What else? Ah, yes, tonight's dinner. For tonight's dinner I bought fresh beautiful cherry tomatoes. I am going to quarter or halve them and toss them with linguine and torn basil from the terrace and some beautiful olive oil Z's mother gave us. That will be the main course.
And before that? Fried zucchini blossoms.

My favorite food writer, Laurie Colwin, writes of theses in a chapter in her book Home Cooking. There is basically nothing in this book I don't want to make. And Z has had these before, though I haven't, and loves them, and they have such as short season so I thought, why not? It will be a grand and relatively safe adventure: I many ever have cooked or eaten them, but everybody seems to love them, and I have a recipe from one of my favorite cooks of all.

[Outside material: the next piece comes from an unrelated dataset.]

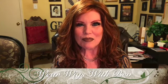Hi wig lovers! This is Bev with Wear Wigs with Bev. I'm so glad you joined me today. I'm excited about this wig! It just came in from Aesthetica.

I will eat them on the terrace, and tell you what they're like.

Thursday, June 28, 2007

The World

I am at work. I am supposed to be making sure a recipe by Ina Garte is correctly reproduced for another publication. Instead I got lost in a picture at the beginning of her book of a table set at the very edge of an apple orchard in the late afternoon in summer, with golden light and vasses of grasses and herbs set out, and the dedication: 'My home is whever Jeffrey is'.
At table set up and someone to love.
I love Zachary. We do not have a perfect relationship, but instead of worrying me, that fills me with hope. We have our entire lives to figure out how best to make eachother happy. We've come so far in that in the past three years (we used to make eachother miserable), and I am confident we'll make it there. We'll make eachother happier than anybody else in the world, because the happiness one is experiencing is always the greatest of all.
And! I want to feed the world. The whole world. I want to set up tables in fields and cover them in dishes. I want to cook everything for everybody. I want people to stop conversing because of food, and I want peope to converse because of food.
That's how it's going to be, for my life.
I will love Zachary. My home will be with him, and my heart will be full of love, and I will feed the world.

Monday, June 25, 2007

Basil on the Terrace

Dinner: beef with broccoli.
When I was much younger, I don't know, maybe 11, maybe as old as 13 I wanted to make this. But I made the crucial mistake of starting to cook when I was hungry, and I didn't much know about reading recipes yet. The beef marinates for 20 minutes.
I was not a fan of that at all.
I just remember waiting, and messing up, and waiting, and not getting anything particularly delicious at the end.
Tonight was good. Peppery, with a good thick sauce. As often happens when I make stir fry, the meat was a little tough, but not hugely. It was a tasty meal over rice, and streched to fit three comfortably (Z had a friend over to feed).
It went well with chocolate chip cookies cooked till still very soft in the middle. I'm not much of one for Asian desserts. After stir-fry or fried rice I always want brownies or cookies or ice-cream. A nice easy familiar sweet.
Then time passed and, as will happen, we got hungry again. Z's parents had brought us two loaves of cinnamon challa, so we took one out of the freezer, thawed it in the microwave and cut off thick slices from the diameter. I soaked them in three eggs combined with somewhere between a quarter and a half cup milk -- closer to a half, and maybe three tablespoons of cream. No cinnamon needed.
I fried them in butter in my cast iron skillet (9 inches) and we ate. The cinnamon sections turns hot and melty, and the whole thing was really nicely eggy and soft.
Delicious.
I'm going to go eat some more of it.